Koran in hand, Brother Stephen denounced Islam as a "religion of the sword" and called Mohammed "a pervert." He did, however, acknowledge that the Koran was a true text -- that is, whenever it is in agreement with the Bible, he said. By his calculations, this was approximately 75 percent of the time.
Ohhhh, brother.
Penn students, not surprisingly, were having none of it. Passersby shouted "devil!" and the always-funny "homo!" and urged the impassioned evangelist to "Do [his] fire-dance." Those who stopped and stood long enough to hear Brother Stephen's anti-Islam rant could see that it was a fervent but ultimately futile attempt to advance his message at the expense of a group potentially made vulnerable to scapegoating. Onlookers received some free entertainment -- not to mention a sense of superiority for fitting Brother Stephen into their world view as "ignorant" -- but that was about it.
Clearly, his methods were not working and his message was not sinking in. No, not here at Penn, I thought to myself. But what about at...?
Difficult as it is for us to realize, Penn's relatively free and liberal cultural environment may not be as typical of the United States as many of us have come to assume. Brother Stephen may not represent the American "norm," but neither does the multi-religious, multi-racial and multi-cultural environment at Penn.
Instead, they are two very different components of the same America.
There are plenty of places where Brother Stephen's message of intolerance and hatred would receive a far more ambiguous response than the name-calling, head-shaking and "oh, brothers" he elicits here at Penn. These sites aren't necessarily in Arkansas, West Virginia and Wyoming, either, although it's likely Brother Stephen could find large enough audiences in each of these places, too. They're two hours west of Philadelphia, or an hour to the north.
Make no mistake, Brother Stephen is a radical. Not just on the Penn campus but anywhere. The populaces of the small towns off of I-76 and I-476 wouldn't band together to follow him as if he were the Pied Piper, although he could probably amass some active following.
More likely, his xenophobic arguments would garner a not insubstantial amount of that most insidious of allegiances -- tacit support.
Brother Stephen's attempt to make Christianity a prerequisite for an American identity is not his own invention. Throughout American history, what the majority of Americans perceive as "true Americanness" has always had a prominent religious and racial component. Acceptance has grown, but it has come slowly -- slower in some places than in others.

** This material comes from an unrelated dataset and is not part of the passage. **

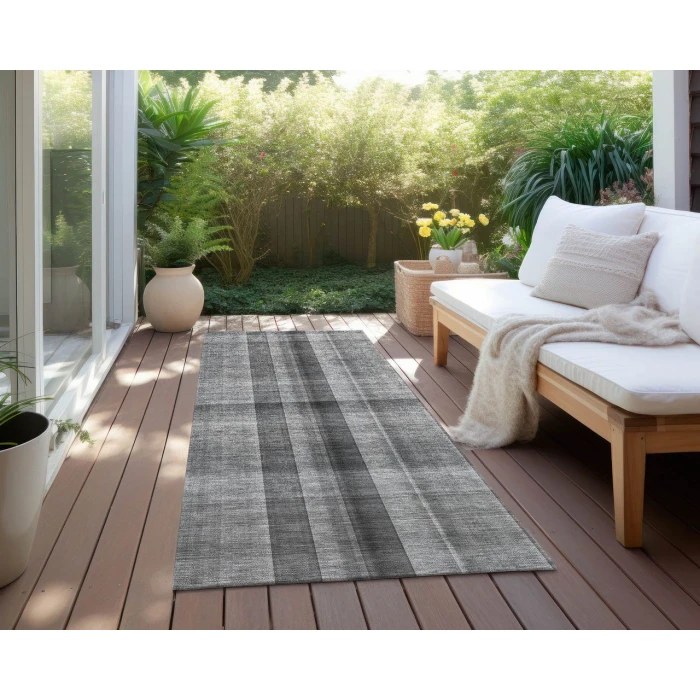 Chantille ACN548 Gray 2'3" x 7'6" Rug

For a portion of America, the Sept. 11 attacks were damning evidence proving what their prejudices already led them to believe: Islam was -- and must be -- anti-American.
We scoff when Brother Stephen calls those that perpetrated the terrorist attacks "true Muslims," or when he refers to the Koran as a "terrorist manual." But we mustn't forget that there is an element within America -- no doubt more sizable than you realize -- that is vulnerable to such rhetoric.
The lesson that Brother Stephen's sermons should implant in us must not be a reminder of our own superiority or even an example of a good, free way to add some excitement to an otherwise mundane weekday afternoon, although I can hardly fault someone for finding Brother Stephen's antics entertaining.
On the contrary, it should be a sobering reminder that the values of tolerance and acceptance are not universal, and that we must remain active and steadfast in our intolerance of intolerance. You never know when you might meet Brother Stephen on a level playing field. Bob Warring is a senior History and English major from Hanover, PA.